Yes! I remember thinking that while playing, actually. In fact, I was hoping it'd be like that because the first trial scared me so much that I didn't want to go through that again. Din could've been fighting those monsters, while Nayru could've been like, uhh, a quiz show or something.


CaptainCool said:


> and then you have to watch the weird cutscene about fi screaming the song in links face XD


XD Hahahaha

I thought the rhythm circle thing was interesting, but I'll agree that maybe they could've been more creative with it. It also doesn't help that the songs you play, frankly, _aren't that good._ Not memorable at all. But that's okay.


----------



## Zydala (Dec 13, 2011)

I thought the first song you get for the temple in Faron Woods was damn catchy myself :9

I wasn't bothered by the fetch quesssssssssokaymaybealittle. I didn't like the ones that just extended gameplay for no reason (oh no we need that very specific paper windmill to move the bigger windmill!) Also the tadtones man screw that. I thought the 'fetch quest' of having to get your stuff back was way fun though hahaha :]

Silent Realms were fun to me; I pretty much enjoyed every one of them. (I guess that makes me a Zelda apologist? )


----------



## CaptainCool (Dec 13, 2011)

SirRob said:


> Yes! I remember thinking that while playing, actually. In fact, I was hoping it'd be like that because the first trial scared me so much that I didn't want to go through that again. Din could've been fighting those monsters, while Nayru could've been like, uhh, a quiz show or something.
> XD Hahahaha
> 
> I thought the rhythm circle thing was interesting, but I'll agree that maybe they could've been more creative with it. It also doesn't help that the songs you play, frankly, _aren't that good._ Not memorable at all. But that's okay.

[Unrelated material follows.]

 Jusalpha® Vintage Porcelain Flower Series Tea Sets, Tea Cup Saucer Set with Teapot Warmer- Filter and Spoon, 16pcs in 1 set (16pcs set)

naa, a quiz would have been boring. i would have liked to see something like a course to test your skills with the equipment. that doesnt have anything to do with wisdom, too but its better than a fetchquest ;D
the trials happen within links mind. they could have done ANYTHING with that!
the rythm circle is ok, it just takes too long in my opinion and doesnt require any skill at all. and yes, the songs SUCK. all of them. the fact that they dont actually sing but that its only a weird gibberish doesnt help one bit... either give us a voiceover or dont but mixing that weird gibberish with those bland songs makes it very painful for me... this also makes lip syncing it impossible and the result is fi's screaming face whle she "sings"...



Zydala said:


> I thought the first song you get for the temple in Faron Woods was damn catchy myself :9
> 
> I wasn't bothered by the fetch quesssssssssokaymaybealittle. I didn't like the ones that just extended gameplay for no reason (oh no we need that very specific paper windmill to move the bigger windmill!) Also the tadtones man screw that. I thought the 'fetch quest' of having to get your stuff back was way fun though hahaha :]
> 
> Silent Realms were fun to me; I pretty much enjoyed every one of them. (I guess that makes me a Zelda apologist? )

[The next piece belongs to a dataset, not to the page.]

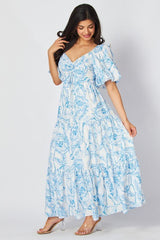 DD4050 Blue Floral Maxi Dress - La Elegant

maybe thats just your kind of gameplay^^ do you like stealth games? i dont! like, at all.


----------



## SirRob (Dec 13, 2011)

Zydala said:


> (oh no we need that very specific paper windmill to move the bigger windmill!)


I remembered seeing it on my first trip to Eldin... It's a small propeller, did you seriously need help picking that up? I mean Link could carry a huge Ball and Chain in Twilight Princess!


Zydala said:


> Also the tadtones man screw that. I thought the 'fetch quest' of having to get your stuff back was way fun though hahaha :]


Tadones are probably the fetchquestiest fetchquest in any Zelda game... Although I honestly loved swimming around in that area. I just wish there weren't monsters, it hampered the tranquility of that segment. The stealth mission was really fun too, because it was unexpected. Seeing the bokoblin faces instead of your items was really funny, too. XD


----------



## CaptainCool (Dec 13, 2011)

SirRob said:


> I remembered seeing it on my first trip to Eldin... It's a small propeller, did you seriously need help picking that up? I mean Link could carry a huge Ball and Chain in Twilight Princess!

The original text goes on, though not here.